DEVELOPMENT OF HIGHLY DETAILED NUMERICAL MODEL OF FOAM CORE SANDWICH PANEL SUBJECTED TO MMOD IMPACT

The continuous research in the micro-meteoroid and orbital debris (MMOD) shield design has embraced the need for weight saving and structurally effective shields. The multi-purpose sandwich structures with foam core have been studied to compensate for the shortcoming of other single-purpose shield designs by eliminating the need for the imposition of parasitic components and by offering an excellent combination of structural, thermal and energy absorption properties.
The geometry of the real aluminum foam is a complex 3D lattice structure with an enormous number of tiny individual members when compared to the overall dimensions of the panel, which represents a significant challenge for the simulation. In this study, statistical information obtained from the physical foam was used to develop an efficient numerical foam model. The translational unit (TU) of the Wearie-Phelan idealization was scaled to achieve the target pores per inch (PPI) parameter based on the selected average ligament size. The developed TU was used as building blocks to form a 3D bubble structure. A randomization algorithm was applied for the obtained wireframe, moving each node in a random direction by a small random value.
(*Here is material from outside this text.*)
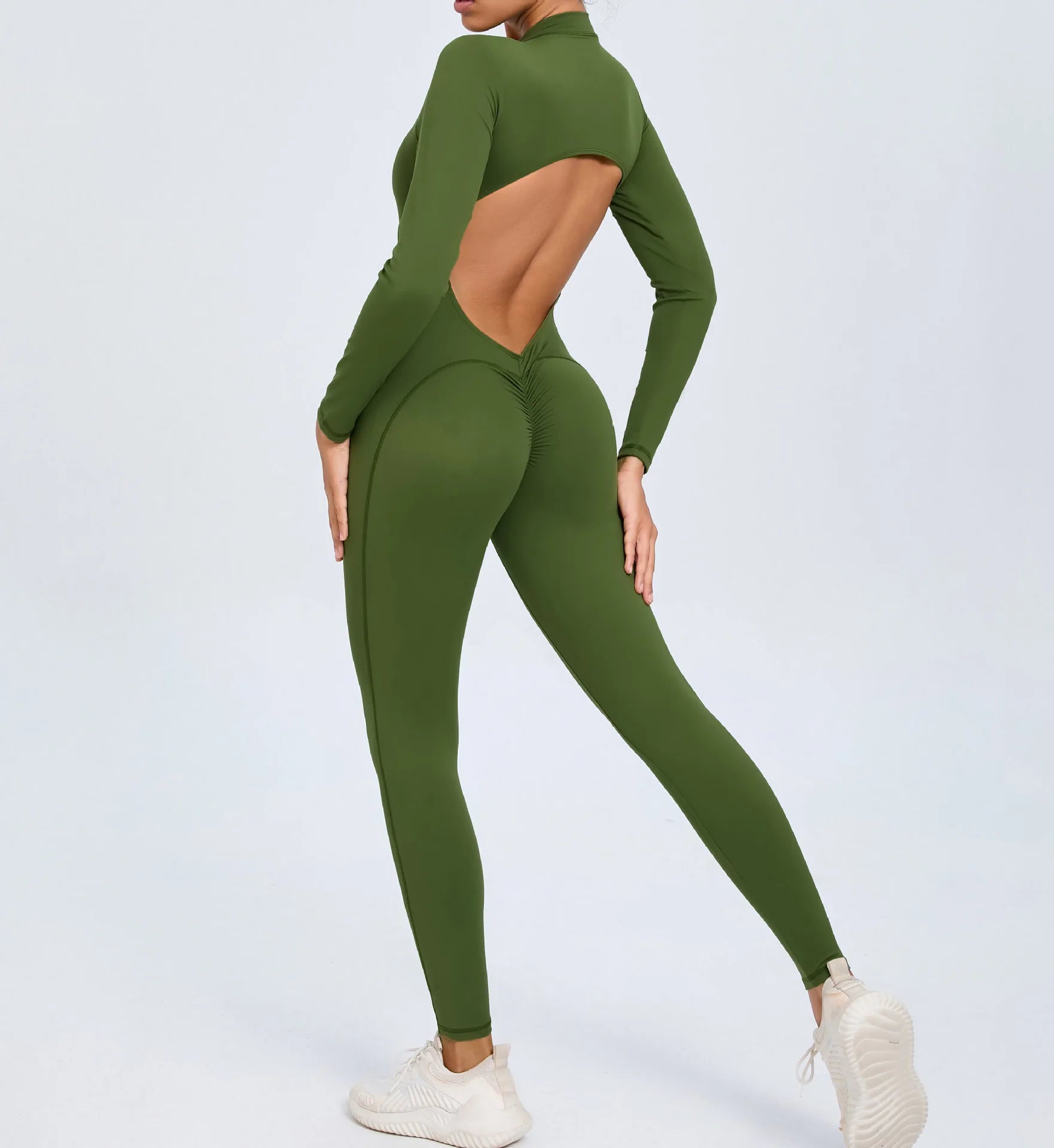Backless Rompers Yoga Long Sleeved Women's Sportswear Gym Zipper Jumpsuits Workout Bodysuit Fitness One-piece Skin-tight Garment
Spheres of a given constant diameter were created at the nodes of the wireframe, and cylinders were created to represent the ligaments. The resulting solid body was cut to the desired dimensions of the specimen selected for the numerical impact testing.
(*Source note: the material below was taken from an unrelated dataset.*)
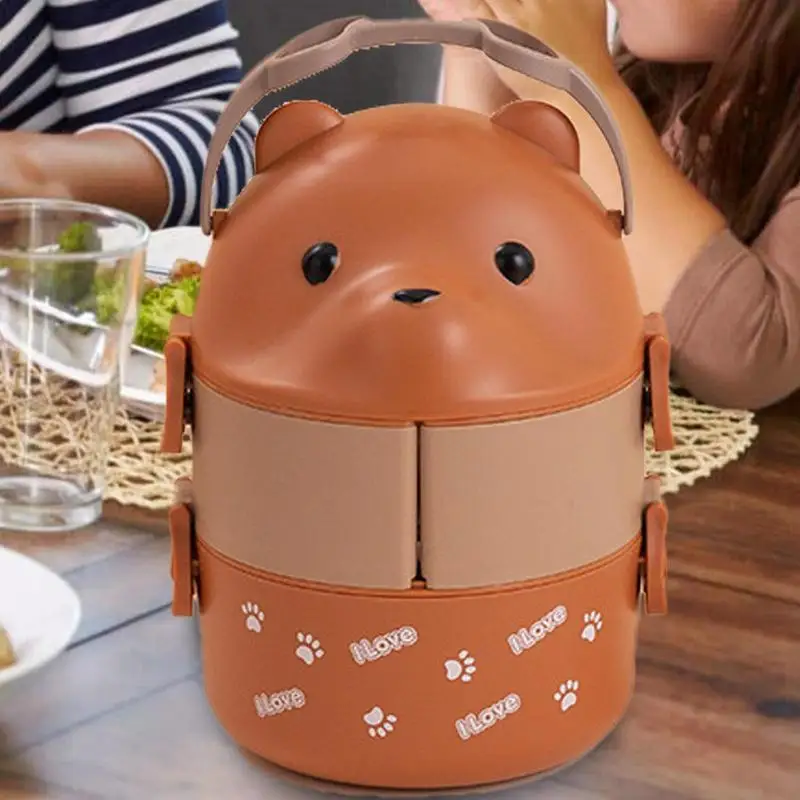 Bento Lunchbox For Kids Cute Bear Leakproof Lunch Containers For Hot Food Thermos Lunch Box Thermal Boxes Kitchen Gadget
The projectile, front face sheet and foam core were modelled using the SPH approach, while the rear face sheet was meshed with finite elements. This highly detailed numerical model was applied to conduct the numerical impact tests of a 6-mm spherical aluminum particle at 7 km/s on the aluminum foam core sandwich panels and validated via comparison with experimental data. The obtained model provides the visualization of the propagation of debris within the panel structure, allowing to use it as a tool for understanding the dominating physical mechanisms of perforation and ways to provide improvement of shielding efficiency of the panel.